Communication architecture design for reconfigurable multimedia SoC platform

Memory and communication architecture have a significant impact on the performance, cost, and power of complex multiprocessor system-on-chip designs. In this paper, we present an automated bus matrix synthesis flow for efficient transaction-level design space exploration of communication architecture in a reconfigurable multimedia system-on-chip platform. Specifically, we consider hardware interface selection problem, which has significant effect on the overall cost of area and power. We propose a method to solve such hardware interface selection problem through static analysis of communication behavior. We experiment with JPEG encoder and H.264 encoder examples and the results show the reduction of area by 56.91% and power by 48.61% of bus matrix with 0.58% performance overhead on average compared to the case of maximum performance. According to our HW interface selection algorithm, we also experiment MPEG4 video decoder example. And the result is evaluated on the FPGA prototyping board.

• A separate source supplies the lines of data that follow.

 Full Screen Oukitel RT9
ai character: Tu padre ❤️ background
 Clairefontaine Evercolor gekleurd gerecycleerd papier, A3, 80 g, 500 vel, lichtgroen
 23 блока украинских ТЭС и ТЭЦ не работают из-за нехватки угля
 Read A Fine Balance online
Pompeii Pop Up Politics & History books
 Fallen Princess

Coarse-grained reconfigurable architecture for multiple application domains: a case study

In this paper, we propose a coarse-grained reconfigurable architecture, which supports both integer type application domain and floating-point type application domain. Our coarse-grained reconfigurable architecture has an 8x8 array of integer processing elements to execute 64 integer operations or 32 floating-point operations in parallel. In order to show the feasibility of the proposed architecture, we use MPEG4 decoder as an integer type application and physics engine for 3D graphics as a floating-point type application. We first analyze these applications and optimize their implementation on the proposed architecture at the system level. Then we implement the proposed architecture on an FPGA board, which decodes 12 frames per second of MPEG4 CIF images and execute up to 160 million floating-point operations per second for the physics engine at 20MHz clock frequency.

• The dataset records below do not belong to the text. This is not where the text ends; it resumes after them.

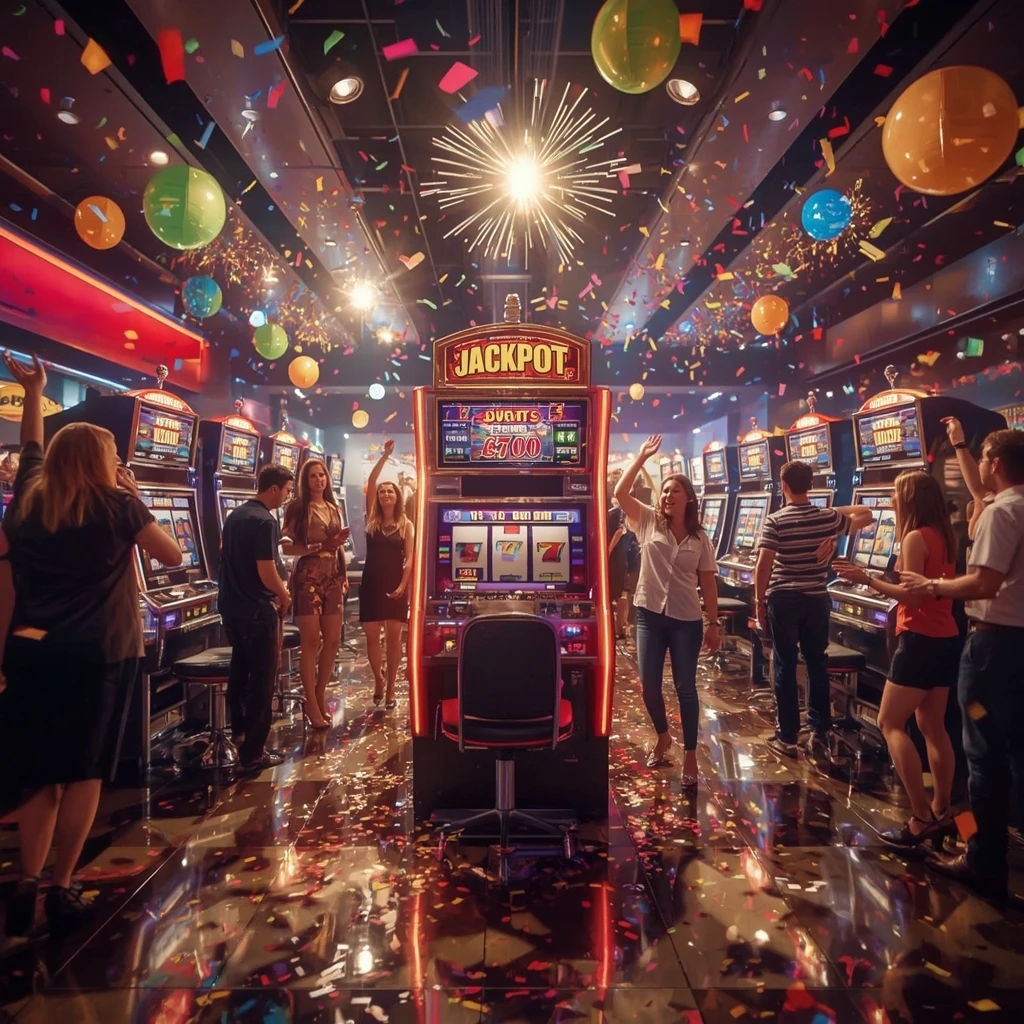 Les jackpots fixes Bof Casino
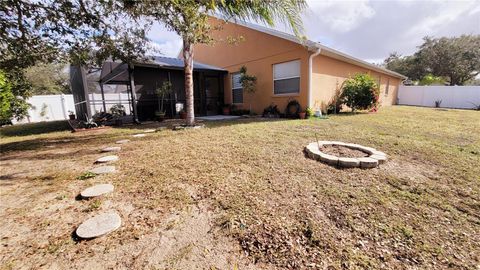 A home in HAINES CITY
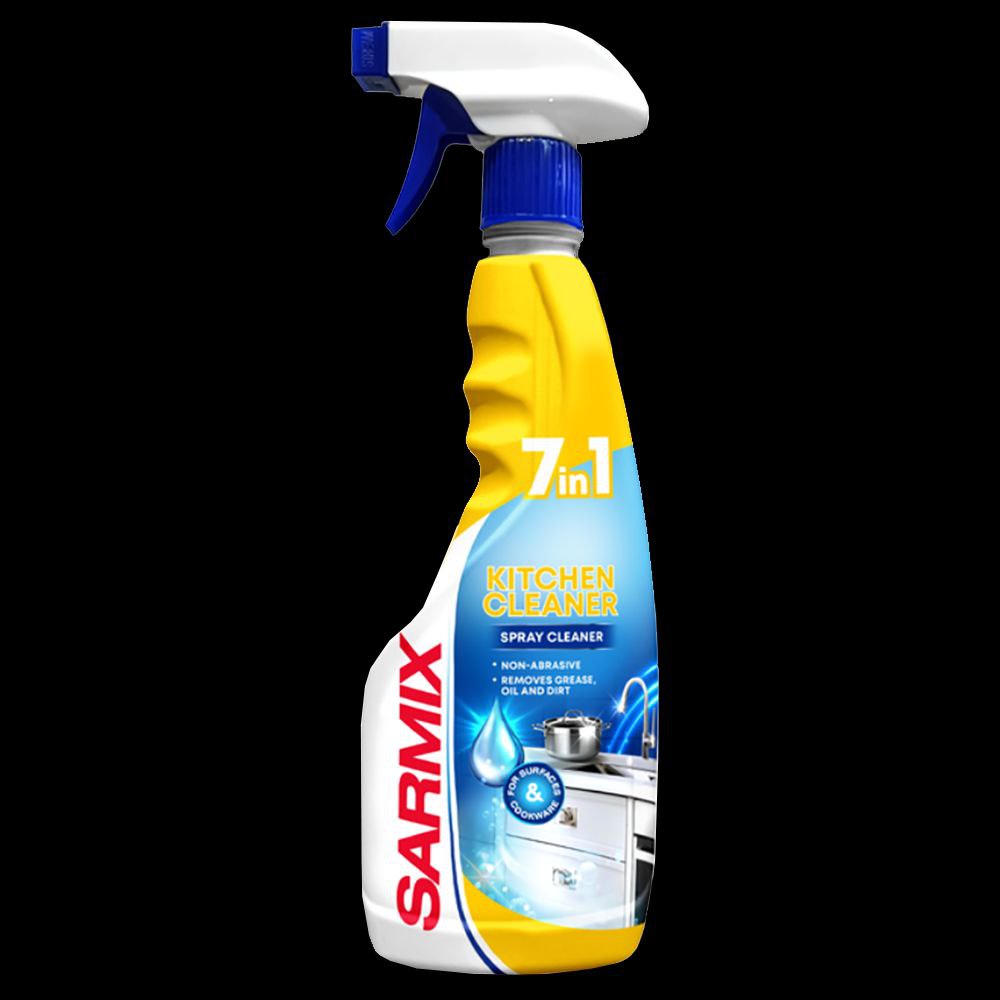 Моющ.ср.SARMIX д/духов/грил500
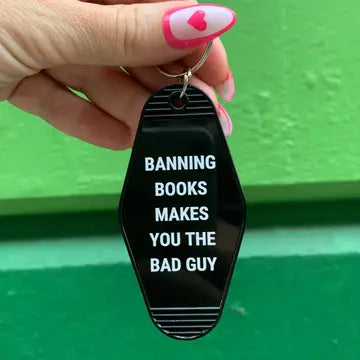 Get Bullish Keychain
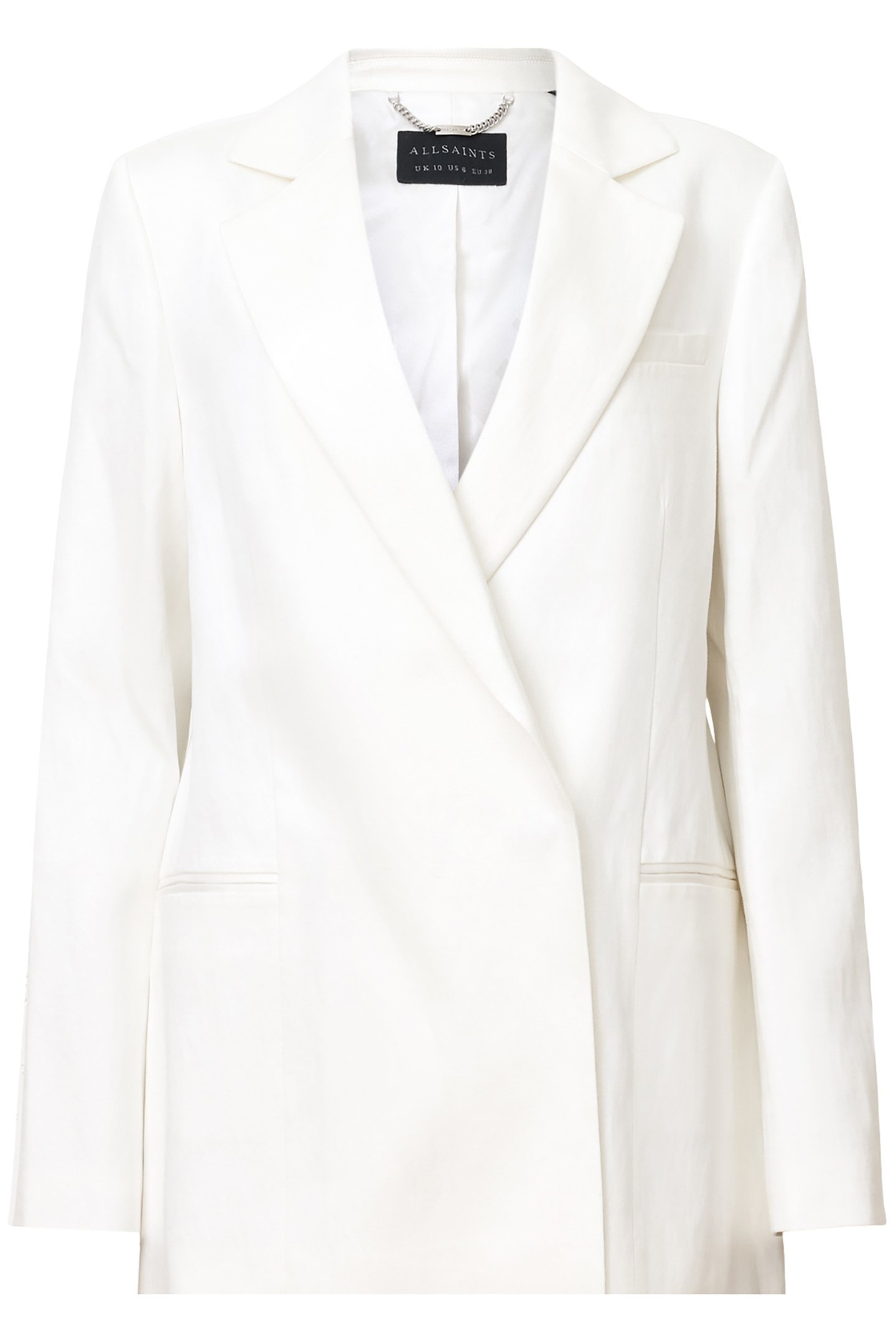 BONNIE BLAZER WHITE 4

QoS-aware dynamic power management for coarse-grained reconfigurable architecture

In this paper, we propose system level dynamic power management of coarse-grained reconfigurable architectures through dynamic reconfiguration. The novelty of our approach is in two kinds of system level power management strategies for coarse-grained reconfigurable architectures considering the cost and quality-of-service (QoS) tradeoff by battery status. Experimental results on an MPEG4 video decoder show that our approach saves 17 percent energy when the system is in normal-battery mode and 36 percent energy when the system is in low-battery mode at the expense of some QoS degradation.